Skip to content

Unicode Metadata Module

The UnicodeMetadata module provides utilities for embedding and extracting metadata in text using Unicode variation selectors. This approach enables C2PA-compliant provenance information to be embedded directly within text content while maintaining visual integrity.

Overview

The Unicode variation selector embedding technique is a form of hard binding that embeds metadata directly into text content. This approach:

  • Uses zero-width, non-printing characters (Unicode variation selectors)
  • Preserves the visual appearance of the text
  • Enables robust verification and tamper detection
  • Follows C2PA principles for content provenance

Embedding Mechanism

Unicode Variation Selectors

Unicode variation selectors (ranges U+FE00-FE0F and U+E0100-E01EF) are special characters designed to specify a specific variant of a preceding character without changing its appearance.
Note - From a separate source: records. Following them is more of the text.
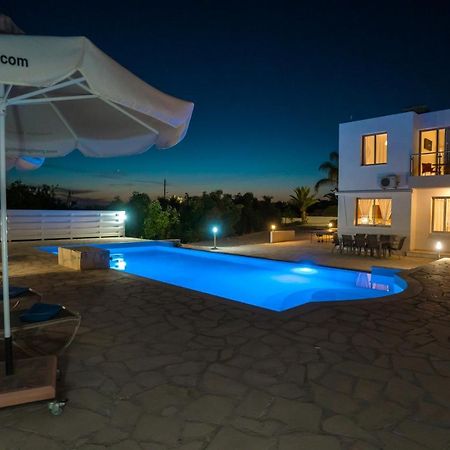 Oniros By Prestige Bookings Peyia Esterno foto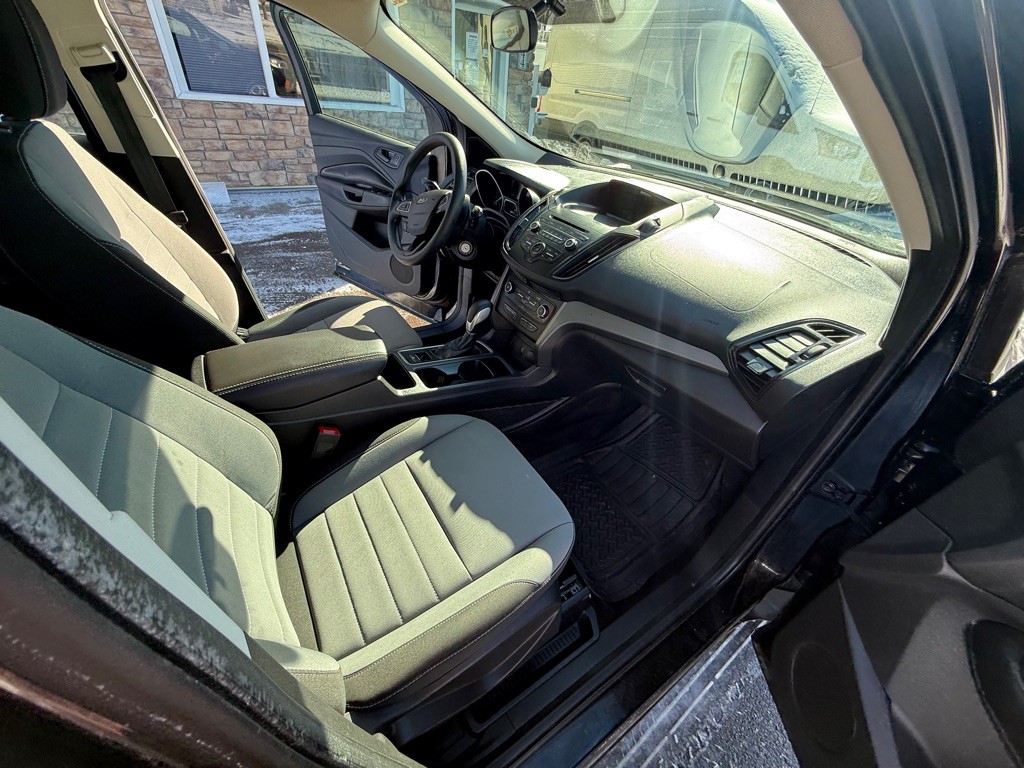 2017 Ford Escape Image 17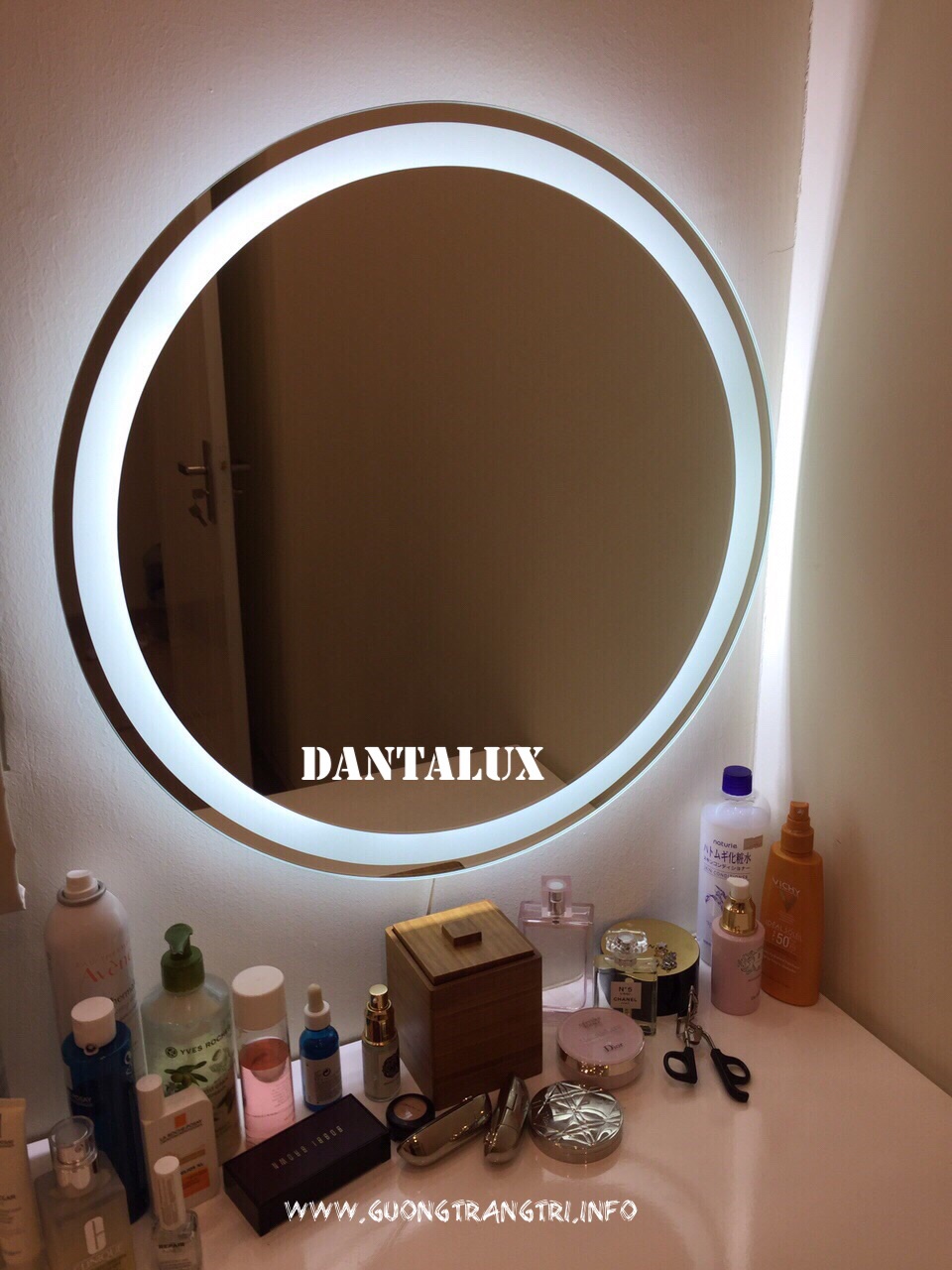 GƯƠNG BÀN TRANG ĐIỂM ĐÈN LED  1011C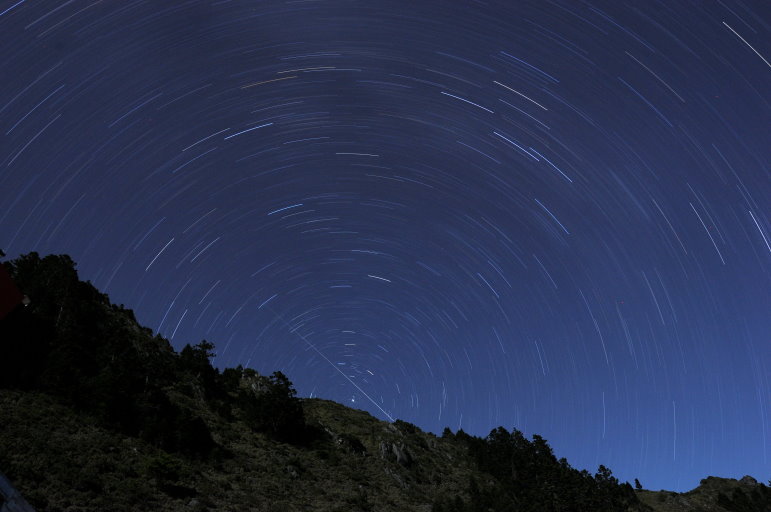 http://i.dcview.tw/gallery/201210/69abc40d221374eb19e7a400fc75b8bb.jpg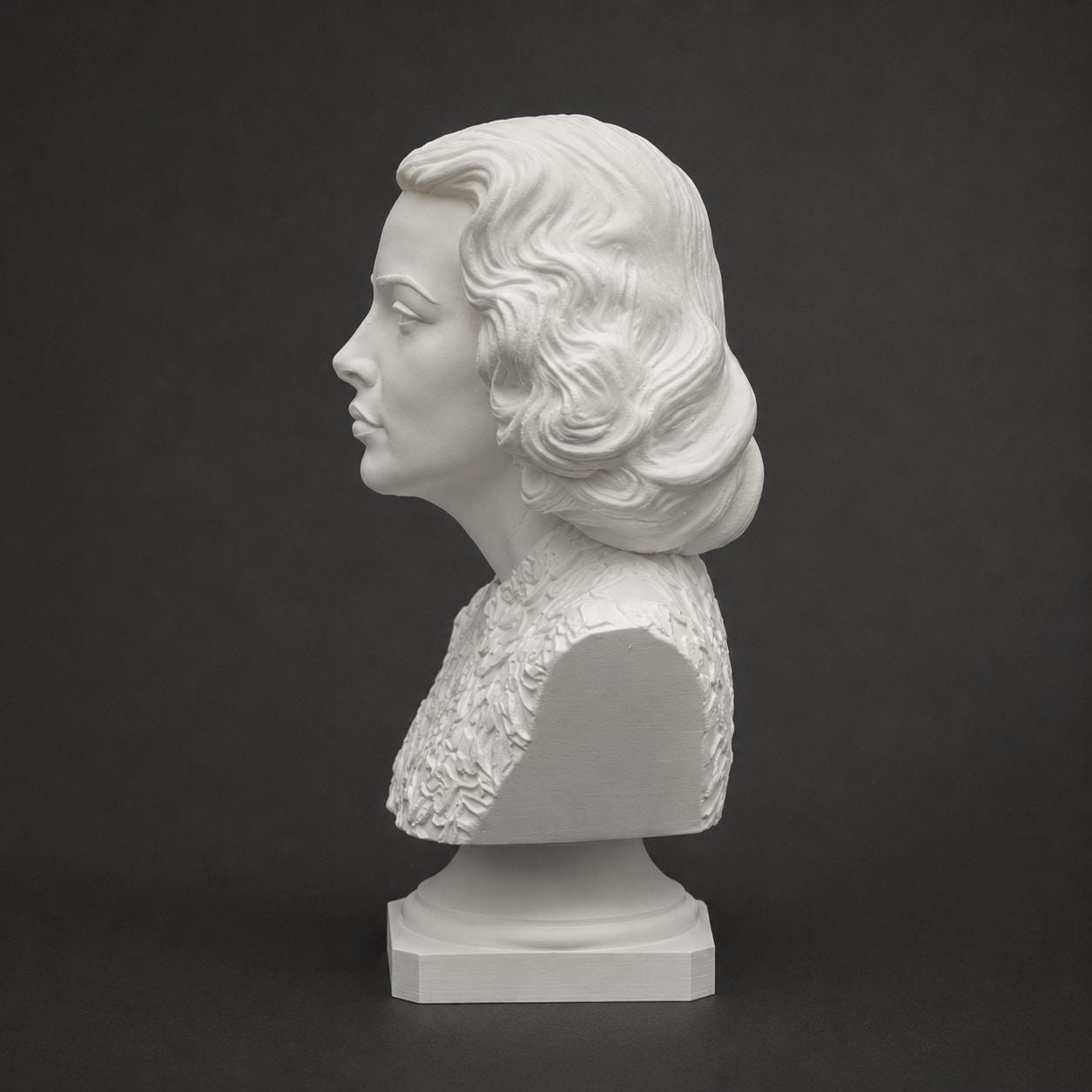 Hedy Lamarr - Bust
Our implementation repurposes these selectors to encode binary data:

  • Each byte of metadata is encoded as a Unicode variation selector
  • These selectors are invisible when rendered in text
  • The encoded data travels with the content as part of the text itself

Embedding Targets

The module supports several embedding targets:

Target Description Use Case
WHITESPACE Embeds after whitespace characters Default; works well for most text
PUNCTUATION Embeds after punctuation marks Alternative for texts with limited whitespace
FIRST_LETTER Embeds after the first letter of words Higher capacity but may affect some text processing
LAST_LETTER Embeds after the last letter of words Alternative to FIRST_LETTER
ALL_CHARACTERS Embeds after any character Highest capacity but most intrusive
FILE_END Appends variation selectors at the very end of the text Useful when you prefer not to alter in-text positions
FILE_END_ZWNBSP Appends a zero-width no-break space (U+FEFF) followed by variation selectors at the end Improves robustness in some pipelines that trim trailing selectors

Embedding Approaches

The module supports two embedding approaches:

  1. Single-Point Embedding (default): All metadata is embedded after a single target character (typically the first whitespace)
  2. Distributed Embedding: Metadata is distributed across multiple target characters throughout the text

Single-point embedding is generally recommended as it minimizes the impact on text processing and is easier to manage.

Content Hash Coverage

When using the C2PA manifest format, a content hash assertion is included in the manifest:

  • The hash covers the plain text content only (not HTML markup or other formatting)
  • SHA-256 is used as the hashing algorithm
  • The hash is computed before embedding the metadata
  • This creates a cryptographic fingerprint of the original content

This content hash enables tamper detection - if the text is modified after embedding, the current hash will no longer match the stored hash.

API Reference

UnicodeMetadata.embed_metadata

@classmethod
def embed_metadata(
    cls,
    text: str,
    private_key: PrivateKeyTypes,
    signer_id: str,
    metadata_format: Literal["basic", "manifest", "cbor_manifest", "c2pa"] = "basic",
    c2pa_manifest: Optional[Dict[str, Any]] = None,
    model_id: Optional[str] = None,
    timestamp: Optional[Union[str, datetime, date, int, float]] = None,
    target: Optional[Union[str, MetadataTarget]] = None,
    custom_metadata: Optional[Dict[str, Any]] = None,
    claim_generator: Optional[str] = None,
    actions: Optional[List[Dict[str, Any]]] = None,
    ai_info: Optional[Dict[str, Any]] = None,
    custom_claims: Optional[Dict[str, Any]] = None,
    distribute_across_targets: bool = False,
) -> str:

Embeds metadata into text using Unicode variation selectors, signing with a private key.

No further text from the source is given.